_Exercise objective_.
Where the line containing "Birch Mid Rise Patch Straight Leg Jeans Blue" appears in the entries below, begin there and output every line through the last, exactly, minus the pictures.

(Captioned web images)
.....

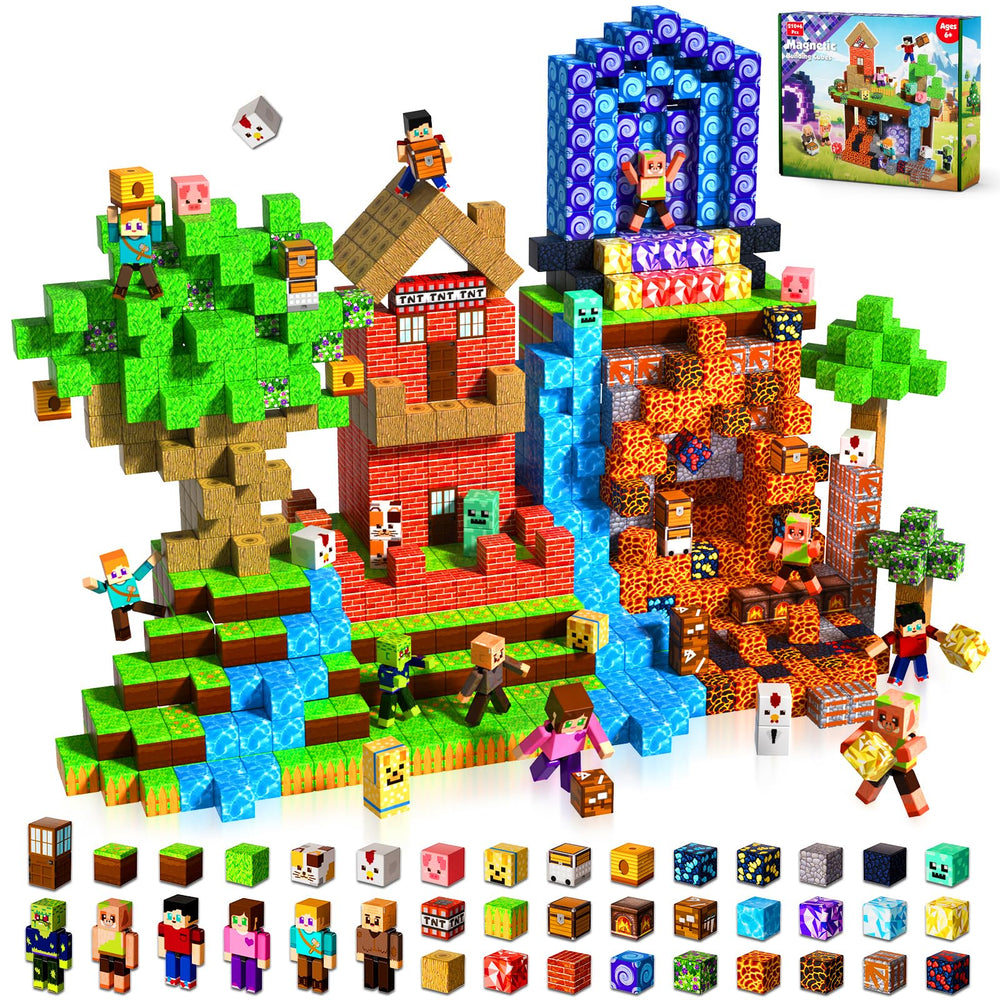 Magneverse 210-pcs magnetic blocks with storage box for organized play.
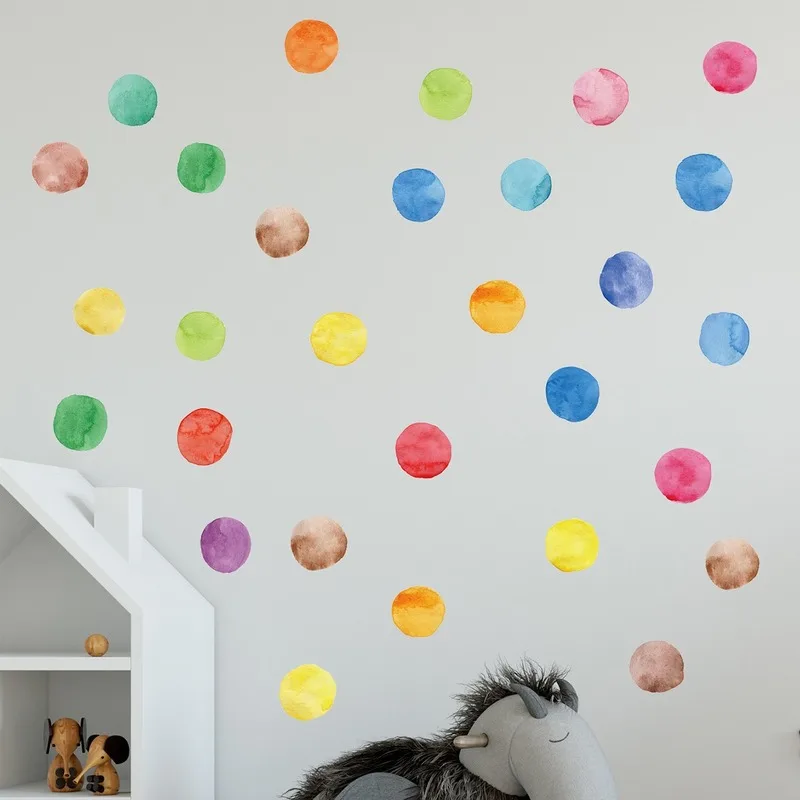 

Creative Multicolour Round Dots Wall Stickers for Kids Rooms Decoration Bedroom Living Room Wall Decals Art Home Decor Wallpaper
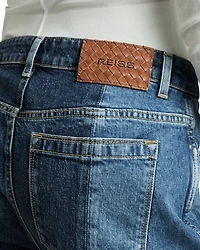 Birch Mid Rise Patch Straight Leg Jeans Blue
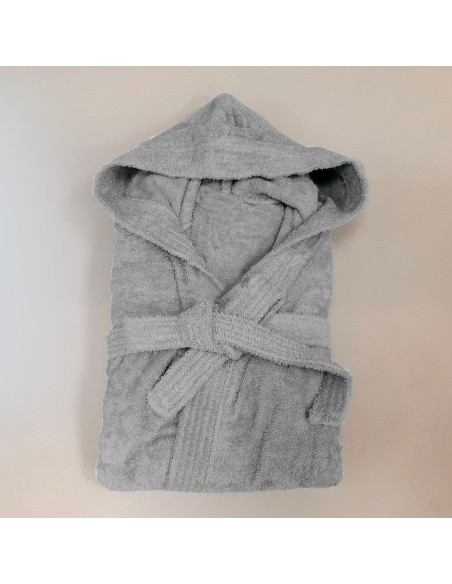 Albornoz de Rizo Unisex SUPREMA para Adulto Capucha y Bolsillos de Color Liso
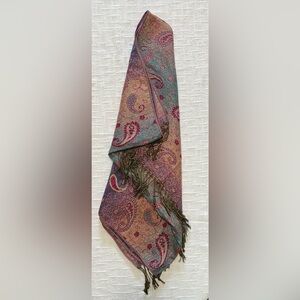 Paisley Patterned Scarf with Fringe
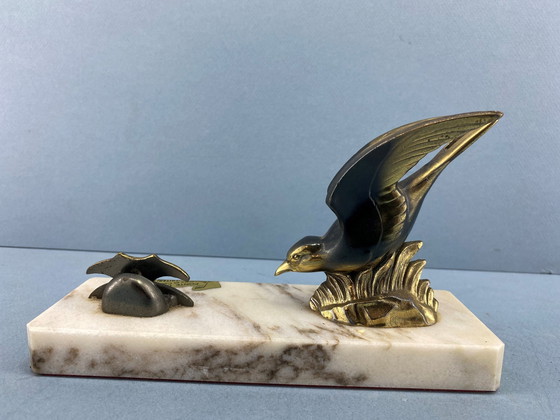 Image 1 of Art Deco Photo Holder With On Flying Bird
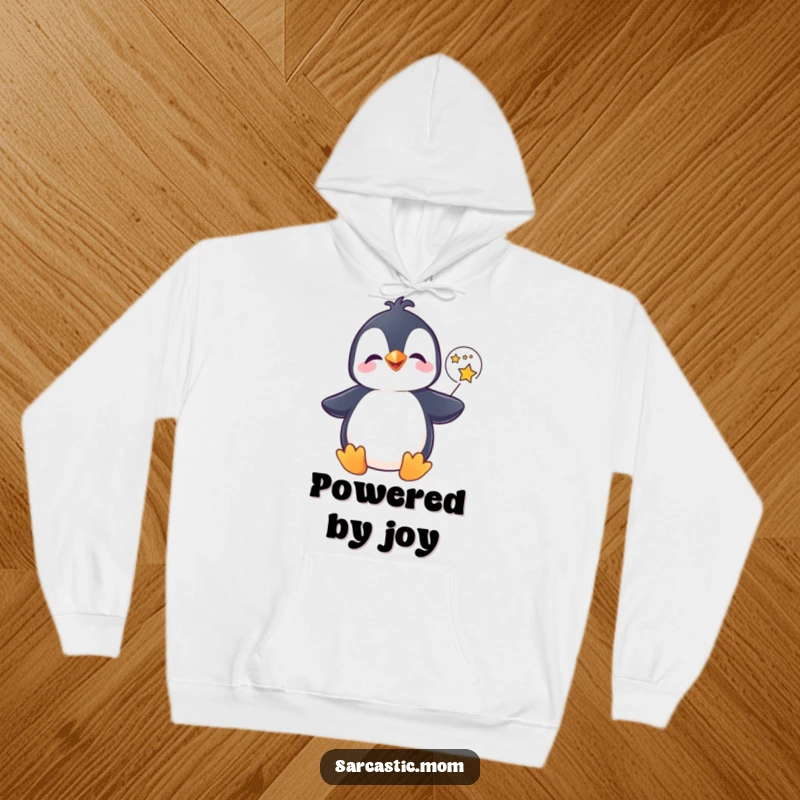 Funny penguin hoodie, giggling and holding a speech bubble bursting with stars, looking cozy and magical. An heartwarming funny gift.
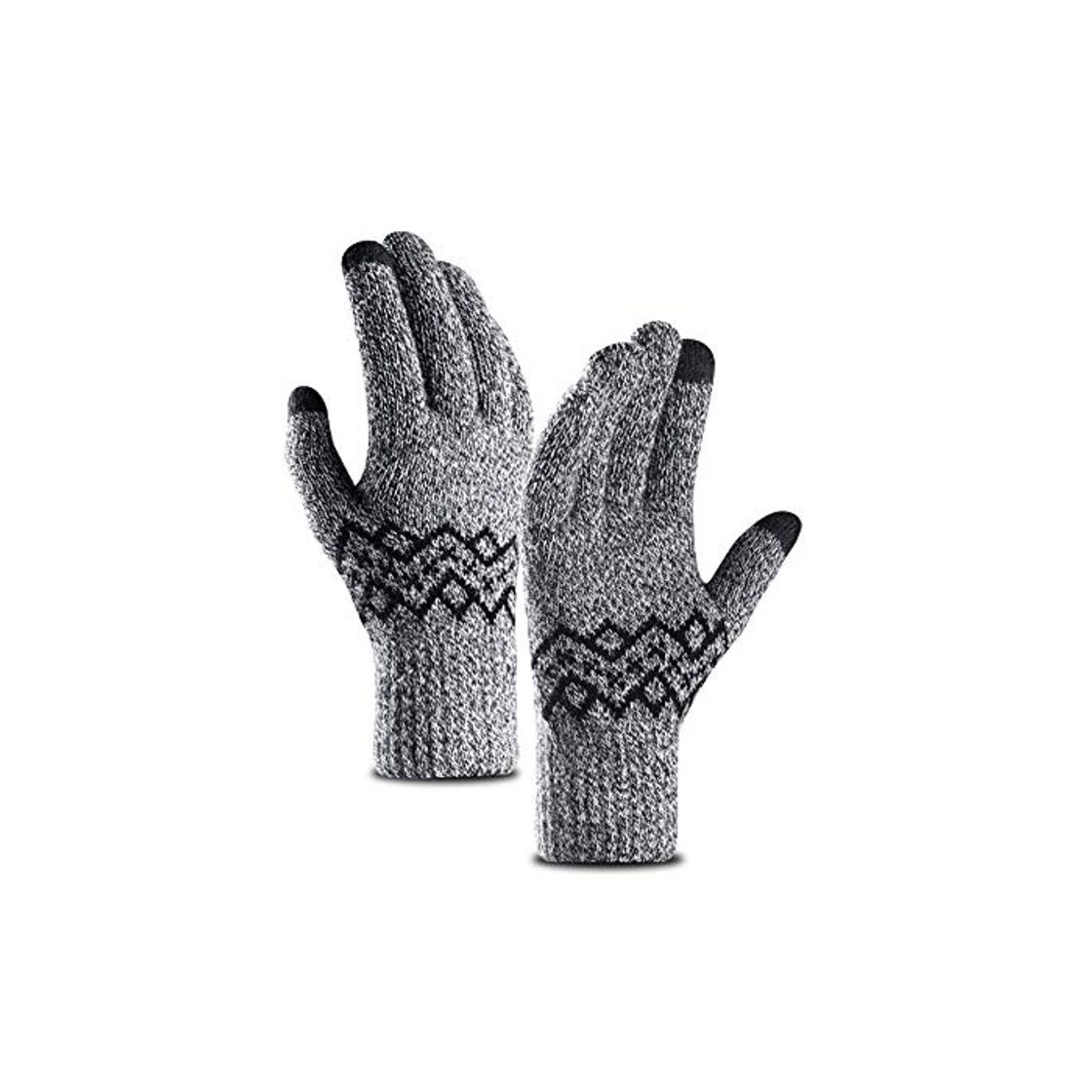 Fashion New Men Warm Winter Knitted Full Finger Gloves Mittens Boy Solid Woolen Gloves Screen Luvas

.....

_Solved problem_.
 Birch Mid Rise Patch Straight Leg Jeans Blue
 Albornoz de Rizo Unisex SUPREMA para Adulto Capucha y Bolsillos de Color Liso
 Paisley Patterned Scarf with Fringe
 Image 1 of Art Deco Photo Holder With On Flying Bird
 Funny penguin hoodie, giggling and holding a speech bubble bursting with stars, looking cozy and magical. An heartwarming funny gift.
 Fashion New Men Warm Winter Knitted Full Finger Gloves Mittens Boy Solid Woolen Gloves Screen Luvas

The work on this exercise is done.